→ **HOW TO COMPLETE THIS TASK**: An exact copy of the data is required; the images should not appear in it.

→ **COLLECTED MATERIAL**:
-------------------------

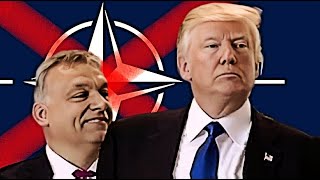 Megszavazott svéd tagság, NATO-t bomlasztó Orbán, polgárháborúra és Európát feladni készülő Trump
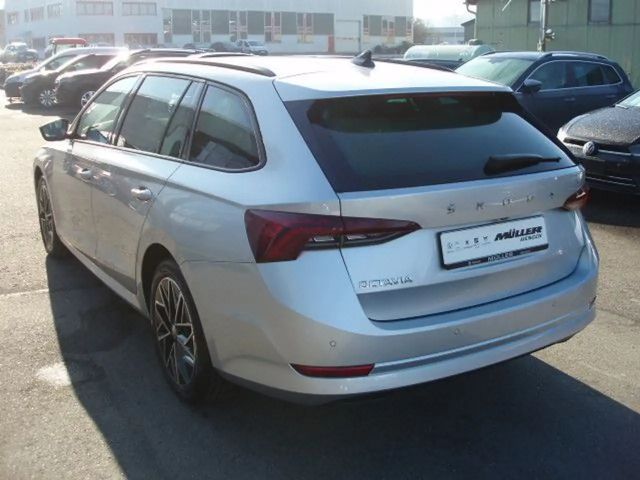 Skoda Octavia Clever Combi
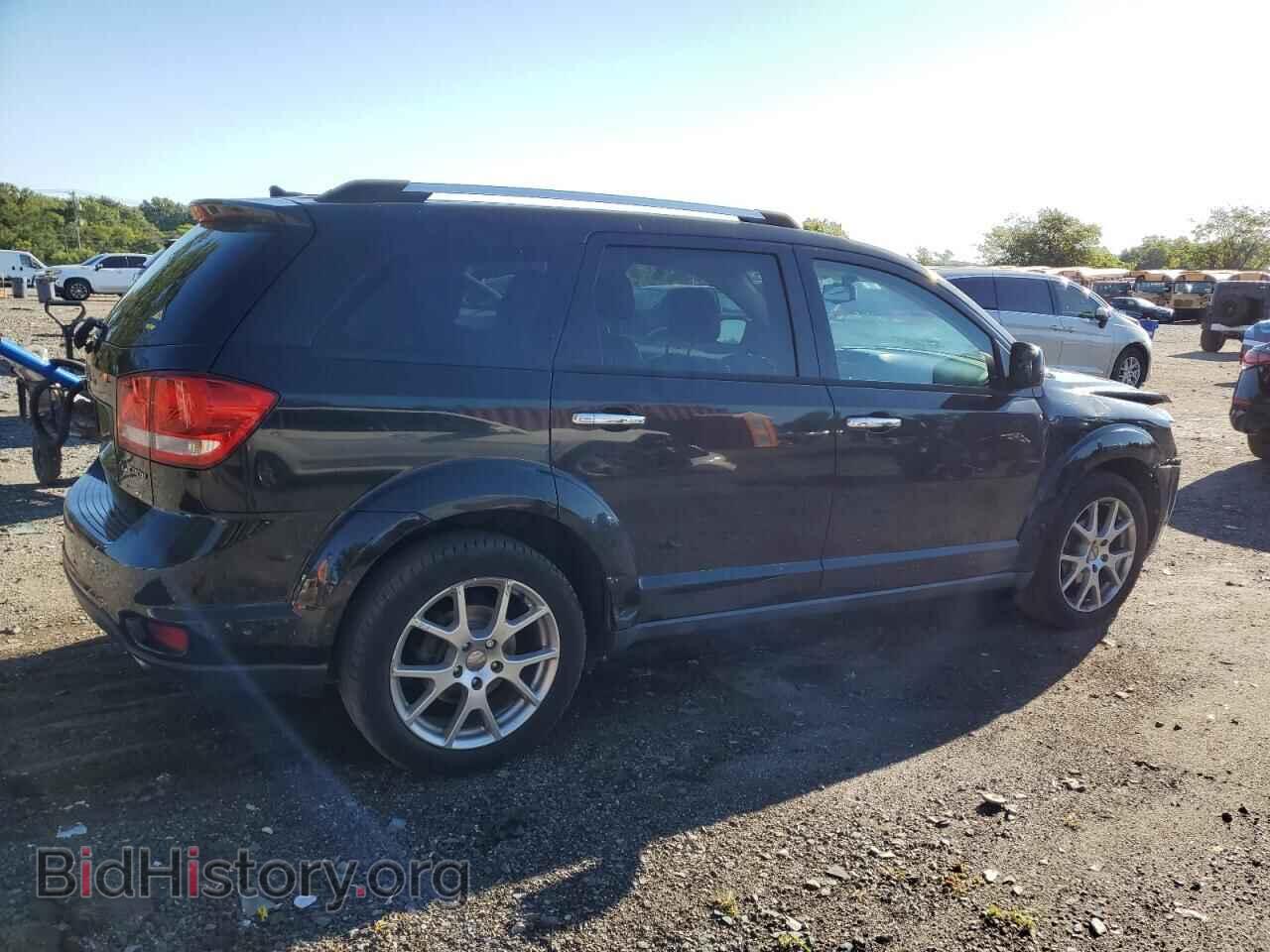 2012 DODGE JOURNEY - VIN: 3C4PDDDG9CT170866 - Фото 3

-------------------------

→ **YOUR RESPONSE**:
 Megszavazott svéd tagság, NATO-t bomlasztó Orbán, polgárháborúra és Európát feladni készülő Trump
 Skoda Octavia Clever Combi
 2012 DODGE JOURNEY - VIN: 3C4PDDDG9CT170866 - Фото 3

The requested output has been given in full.